→ Task instructions:
Only the pictures should be left out; write out all other data exactly.

→ Data:

_ _ _ _ _ _ _

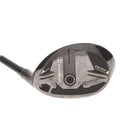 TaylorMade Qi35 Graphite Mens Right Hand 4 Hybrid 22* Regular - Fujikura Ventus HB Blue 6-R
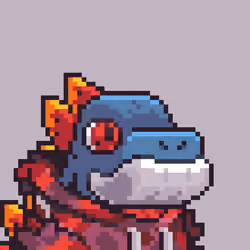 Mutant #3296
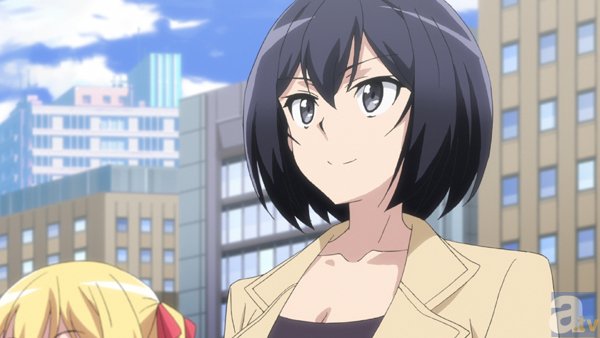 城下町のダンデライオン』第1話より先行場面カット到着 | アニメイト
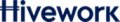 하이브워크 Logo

_ _ _ _ _ _ _

→ Answer:
 TaylorMade Qi35 Graphite Mens Right Hand 4 Hybrid 22* Regular - Fujikura Ventus HB Blue 6-R
 Mutant #3296
 城下町のダンデライオン』第1話より先行場面カット到着 | アニメイト
 하이브워크 Logo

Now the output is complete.